Clinical Applications of Mindfulness Practices
Post-WW II interest in meditation:
• 1940s-1960s: Some psychoanalytic interest in Zen Buddhism and Zen meditation
• Late 1960s-1970s: spread of Transcendental Meditation
• Research: meditation reduces stress & anxiety, creates positive subjective state
Awareness of mindfulness practices grows:
• 1970s: more researchers become aware of distinctions between forms of meditation (i.e., concentration meditation and mindfulness practices)
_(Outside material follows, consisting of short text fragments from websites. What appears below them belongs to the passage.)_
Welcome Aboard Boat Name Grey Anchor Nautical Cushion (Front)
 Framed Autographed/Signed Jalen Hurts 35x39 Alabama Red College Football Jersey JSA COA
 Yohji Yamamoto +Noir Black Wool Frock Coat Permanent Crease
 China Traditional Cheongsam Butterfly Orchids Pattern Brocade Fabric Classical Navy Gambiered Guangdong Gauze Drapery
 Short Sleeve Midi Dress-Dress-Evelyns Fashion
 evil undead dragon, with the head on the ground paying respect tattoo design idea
• 1975: Thich Nhat Hanh publishes The Miracle of Mindfulness; three Westerners establish the Insight Meditation Society
Clinical applications developed:
• 1979: Jon Kabat-Zinn founds the Mindfulness-Based Stress Reduction (MBSR) program at the U. of Massachusetts Medical School; targets chronic pain & stress
* Eight to ten weekly 2 ½ hour (plus one all-day 7-8 hour) group training sessions using mindful eating exercise, body scan, mindfulness of breath, mindful walking, yoga, other exercises
* 1990 publication of Kabat-Zinn’s best-selling Full Catastrophe Living on MBSR
• 1990s: mindfulness practices combined with other psychotherapeutic techniques
* Mindfulness practices combined with cognitive-behavioral techniques to develop Dialectical Behavioral Therapy for treatment of women with bipolar disorder, also used with eating disorders. Uses individual therapy in conjunction with group skills training over one-year period.
* Elements of MBSR combined with cognitive therapy to develop Mindfulness-Based Cognitive Therapy to treat depression; uses eight weekly sessions.
*Acceptance and Commitment Therapy has mindfulness component although not derived from Eastern practices; involves mindful acceptance of emotions and thoughts with commitment to working toward personal goals.